# Happy Mothers Day



## GMJ (Jun 24, 2014)

...to all you mothers out there.:smile2:

Mrs GMJ has 2 sons. Both managed to send cards this year which is nice. The eldest posted a bottle of champagne via Amazon, which arrived Friday. The youngest is coming to stay next weekend and will bring his gift with him...not that Mrs GMJ would expect anything: she is more than made up with the cards tbh.

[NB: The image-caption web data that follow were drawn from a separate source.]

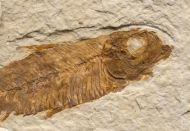 Knightia eocaena (Jordan, 1907)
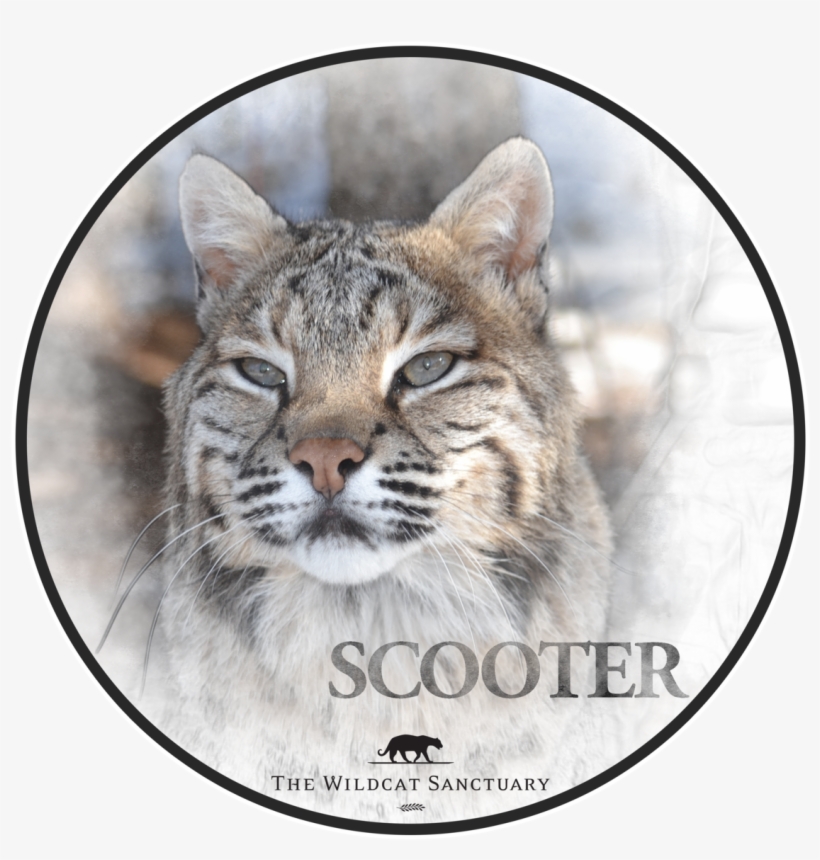 Smiley Face, transparent png #2106759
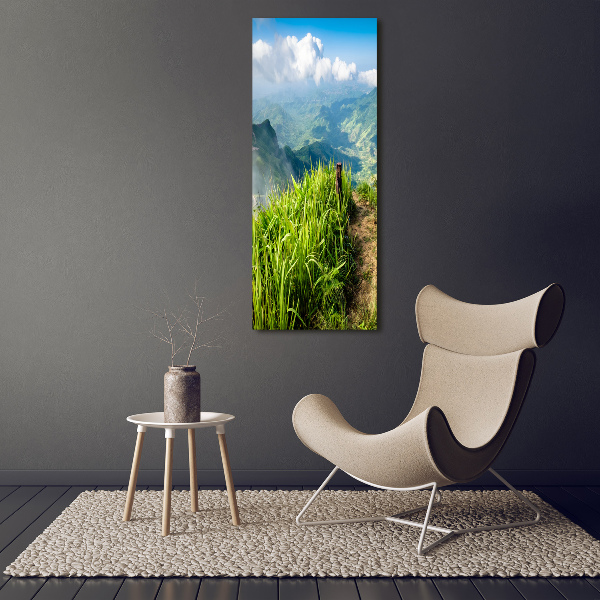 Acrylic wall art Mountain trail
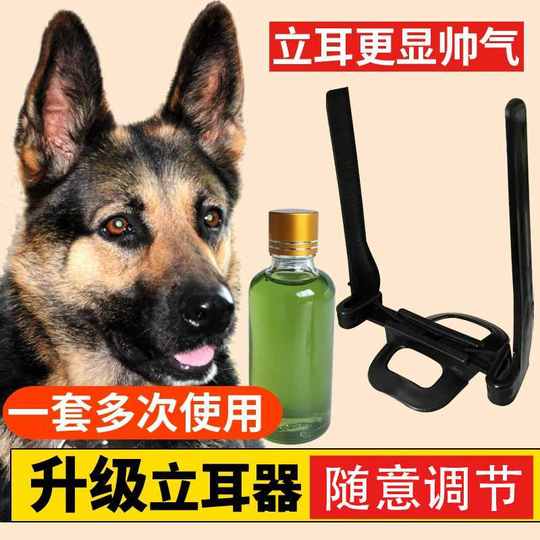 21 犬立耳器人氣熱賣榜推薦 淘寶海外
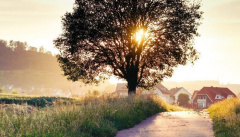 Принцесса-лягушка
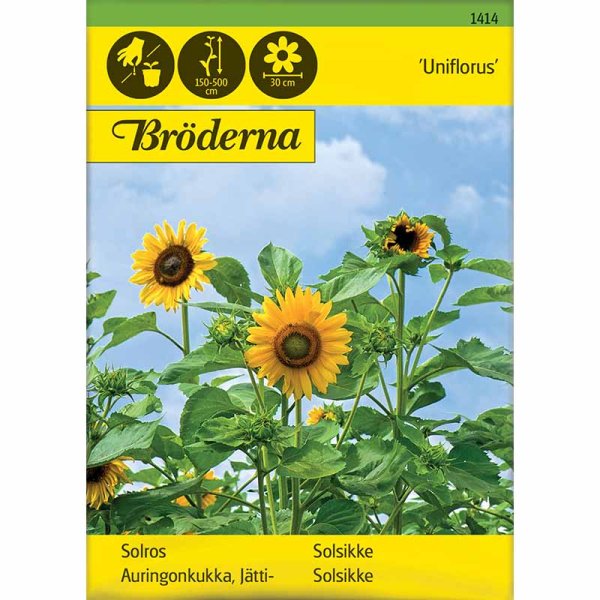 Solsikke 'Uniflorus'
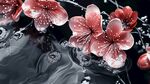 水墨红梅绽放灵动之美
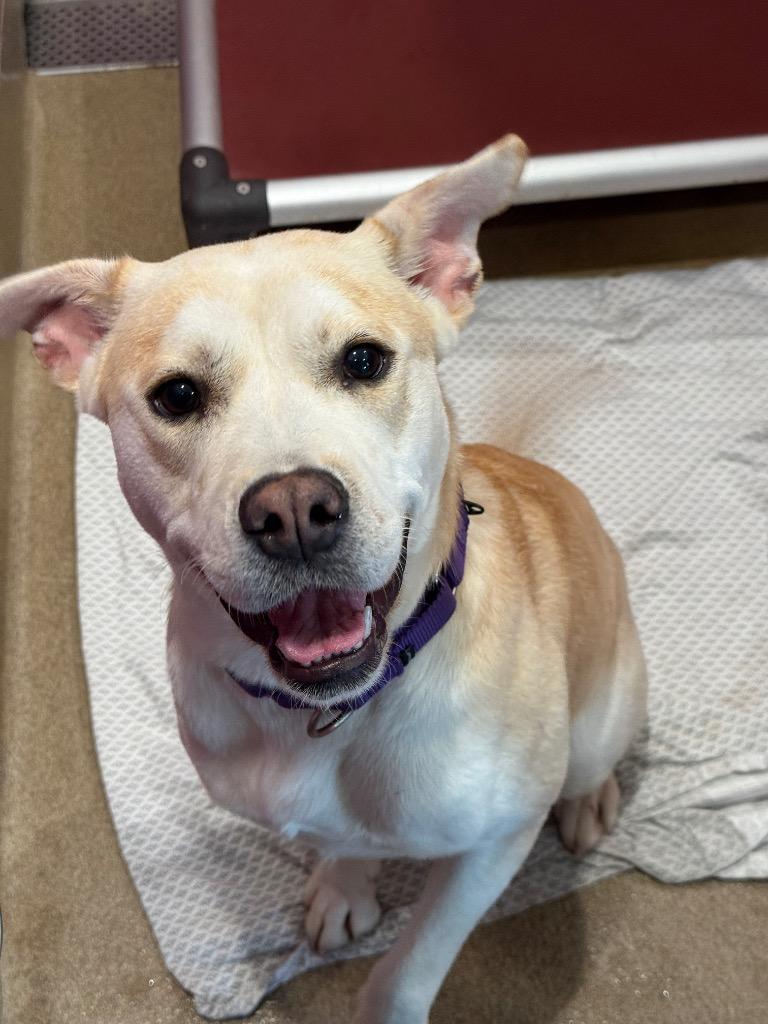 Enlarge Lucy, a Adoptable mixed breed in North Syracuse, NY image 3/4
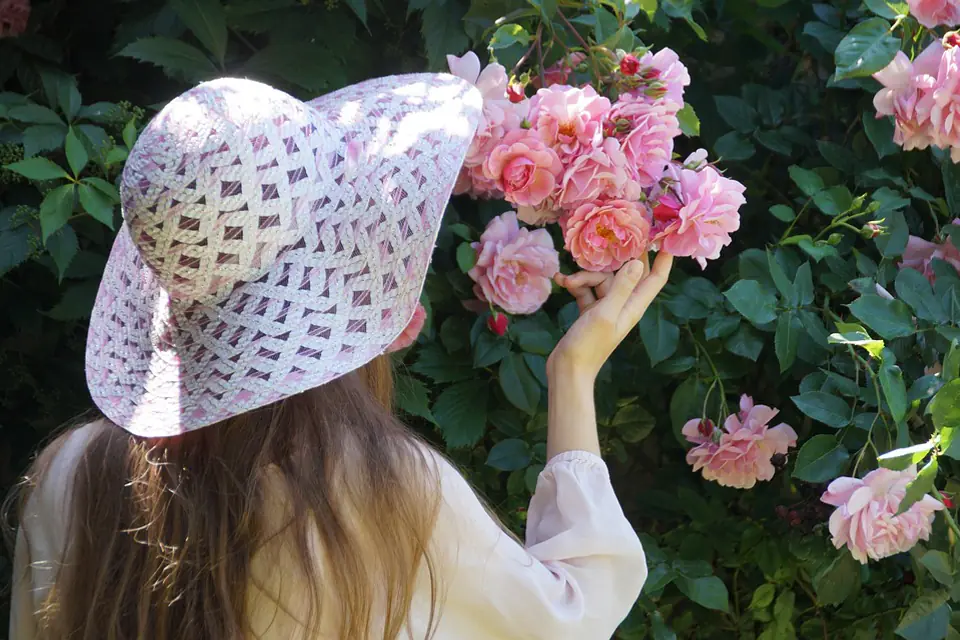 Plantation d’un rosier à racines nues dans un jardin français, point de greffe placé au niveau du sol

I'll cook her a nice tea today as well.


----------



## raynipper (Aug 4, 2008)

Well done G, I try and ignore these American commercial events. 
My mother worked in the Greeting Card department of Bentalls of Kingston and way back in the 70's she turned over £1 million in cards from that one store.

Ray.


----------



## JanHank (Mar 29, 2015)

I can remember when I was about 10 years old telling 2 of my 5 brothers off, by letter, because they didn’t send our Mum a card, they both lived a long way away, every year after that one of them used to send her flowers through interflora, can’t remember if the other one took notice of his baby sister or not.


----------



## raynipper (Aug 4, 2008)

I guess we are lucky in that respect Jan n G. Both our boys remember to send my wife a card in good time from Turkey and Ringwood. My wife really appreciated them unlike a couple of widow friends who rarely get even a call.

Ray.


----------



## KeithChesterfield (Mar 12, 2010)

Double Celebrations for SWMBO.

Not only is she getting visits from our Daughter and Son (and families) and presumably presents - but she also helps me celebrate our Wedding Anniversary today.

Just look at that smile !


----------



## JanHank (Mar 29, 2015)

KeithChesterfield said:


> Double Celebrations for SWMBO.
> 
> Not only is she getting visits from our Daughter and Son (and families) and presumably presents - but she also helps me celebrate our Wedding Anniversary today.
> 
> Just look at that smile !


Thats lovely Kieth, but you didn´t say how long she has been making you smile.


----------



## GMJ (Jun 24, 2014)

I always remind my son that he should be cherishing his mother every day and not just once a year. My mother died when I was 12 and I think about her every day.


----------



## KeithChesterfield (Mar 12, 2010)

_Thats lovely Kieth, but you didn´t say how long she has been making you smile._

We've been married 55 years and I knew her for six years before that.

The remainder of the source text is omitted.